April 4, 2012 - 15:46 AMT
Eurozone shoppers cut back on spending in Feb

Shoppers in the eurozone cut back on their spending in February as households faced stubborn inflation, growing unemployment lines and pay freezes across the public and private sector, Reuters reported.

Retail sales in the 17 countries using the euro fell 0.1 percent month on month, Eurostat said on Wednesday, April 4. In an indication that household demand will do little to revive the subdued eurozone economy as it heads into recession this year, retail sales were down 2.1 percent on an annual basis. That compared with a forecast of a 0.9 percent fall.

Consumers surprised economists in January by increasing their spending after four months of falls, but in February cautious shoppers, particularly in Germany, appeared to lose confidence.

In Germany, February sales fell 1.1 percent on the back of a fall the previous month, although volumes rose 1.2 percent in France, the bloc's other economic motor.

An unprecedented cash injection to banks by the European Central Bank helped to calm panicky financial markets at the start of this year and some early indicators suggested the euro zone's economy could be stabilising after 2011's collapse in business confidence.
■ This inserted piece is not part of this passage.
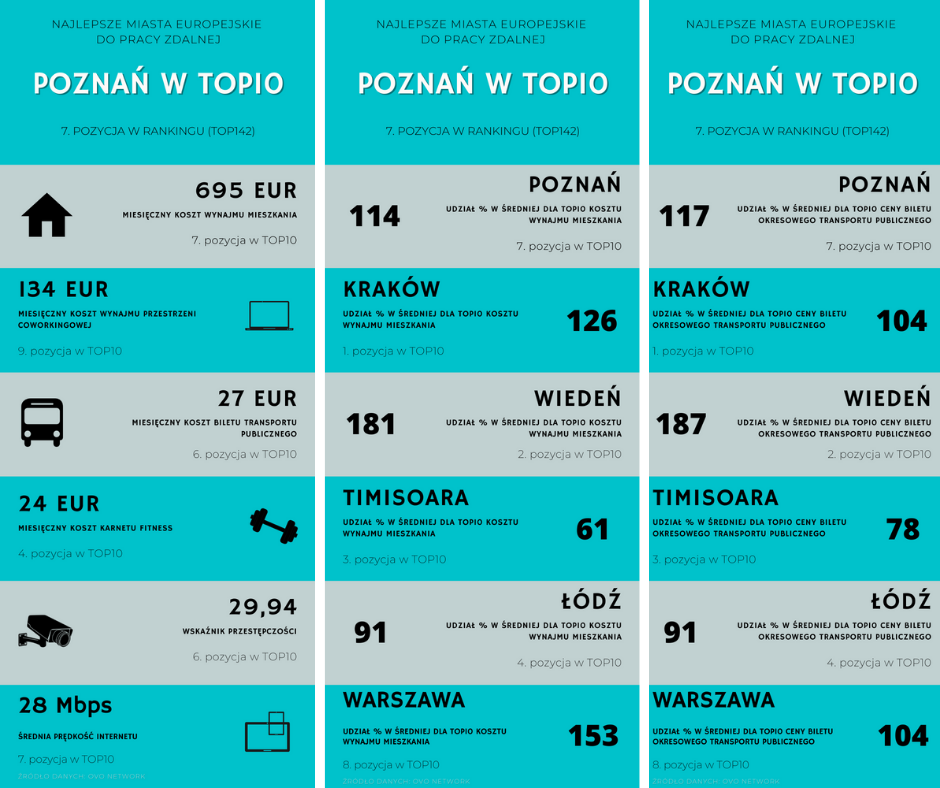 Poznań w rankingu najlepszych europejskich miast do pracy zdalnej - grafika artykułu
But the region that generates about 16 percent of the world's economic output is still struggling to put its two-year debt saga behind it. Euro zone manufacturing activity contracted in March while oil prices are keeping inflation relatively high at 2.6 percent despite sluggish consumption. Unemployment is at almost 11 percent of the working population.

The ECB is expected to hold interest rates at a record low of 1 percent on Wednesday, judging that renewed concern about southern Europe's economic health make it difficult to raise rates to contain energy price pressures.

"The prospects for overall consumer spending in the eurozone look worrying in the near term at least," Howard Archer at IHS Global Insight said. "Although consumer confidence rose to a seven-month high in March, it is still low compared to long-term norms."